Is 'Pink = Girly' a Myth? - baazaar
http://priceonomics.com/is-pink--girly-a-myth/
======
tzs
I'm not sure you can really tell much about women's color preferences from
bridesmaids dresses. A lot of women seem to think that brides tend to pick
ugly dresses for their bridesmaids.

Some claim this is because they do not want the bridesmaids to outshine the
bride. Others say it is because they need a design that works well for a group
that may consist of people with different skin tones, sizes, and shapes, and
that is not too expensive for the bridesmaids to buy, and this limits choices.
Whatever the reason, it seems that a lot of these dresses are ones that the
bridesmaids would not be choosing if they got to pick their own dresses.

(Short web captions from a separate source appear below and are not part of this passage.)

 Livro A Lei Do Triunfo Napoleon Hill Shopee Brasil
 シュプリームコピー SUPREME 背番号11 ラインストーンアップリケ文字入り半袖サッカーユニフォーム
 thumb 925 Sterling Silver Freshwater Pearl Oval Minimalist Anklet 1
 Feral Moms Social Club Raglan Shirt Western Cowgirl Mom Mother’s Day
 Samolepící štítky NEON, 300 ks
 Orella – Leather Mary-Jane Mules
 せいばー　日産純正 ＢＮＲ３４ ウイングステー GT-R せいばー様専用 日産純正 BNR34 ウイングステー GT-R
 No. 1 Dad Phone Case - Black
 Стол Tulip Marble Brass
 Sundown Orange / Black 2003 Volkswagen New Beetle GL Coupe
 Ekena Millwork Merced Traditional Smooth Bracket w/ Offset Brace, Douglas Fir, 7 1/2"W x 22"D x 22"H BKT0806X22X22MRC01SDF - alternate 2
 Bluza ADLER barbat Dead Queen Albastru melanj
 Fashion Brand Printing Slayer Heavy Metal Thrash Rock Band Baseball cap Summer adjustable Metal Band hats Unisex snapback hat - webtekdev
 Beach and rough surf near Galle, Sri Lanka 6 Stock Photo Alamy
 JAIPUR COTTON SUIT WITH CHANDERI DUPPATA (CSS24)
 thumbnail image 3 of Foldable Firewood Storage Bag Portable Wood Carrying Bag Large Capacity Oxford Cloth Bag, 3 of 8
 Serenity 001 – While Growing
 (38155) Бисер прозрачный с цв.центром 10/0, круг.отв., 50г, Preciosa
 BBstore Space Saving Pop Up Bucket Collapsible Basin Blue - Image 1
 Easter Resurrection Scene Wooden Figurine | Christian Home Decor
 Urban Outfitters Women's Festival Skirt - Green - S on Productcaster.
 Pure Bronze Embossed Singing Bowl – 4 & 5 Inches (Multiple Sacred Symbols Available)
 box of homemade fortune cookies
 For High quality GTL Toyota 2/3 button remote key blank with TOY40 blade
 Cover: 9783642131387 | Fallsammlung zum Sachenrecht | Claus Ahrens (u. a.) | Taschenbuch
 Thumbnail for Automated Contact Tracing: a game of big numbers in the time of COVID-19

That said, yes, pink = girls, blue = boys is a fairly modern convention. This
was covered on the "Adam Ruins Summer Fun" episode of the excellent new show
"Adam Ruins Everything" on TruTV [1].

Here is the reference cited on that episode for their discussion of boy/girl
blue/pink [2].

[1]
[https://en.wikipedia.org/wiki/Adam_Ruins_Everything](https://en.wikipedia.org/wiki/Adam_Ruins_Everything)

[2] [http://www.smithsonianmag.com/arts-culture/when-did-girls-
st...](http://www.smithsonianmag.com/arts-culture/when-did-girls-start-
wearing-pink-1370097/?no-ist)

------
kitwalker12
I saw an episode of QI, in which Fry said up until 20th century pink was for
boys and blue was for girls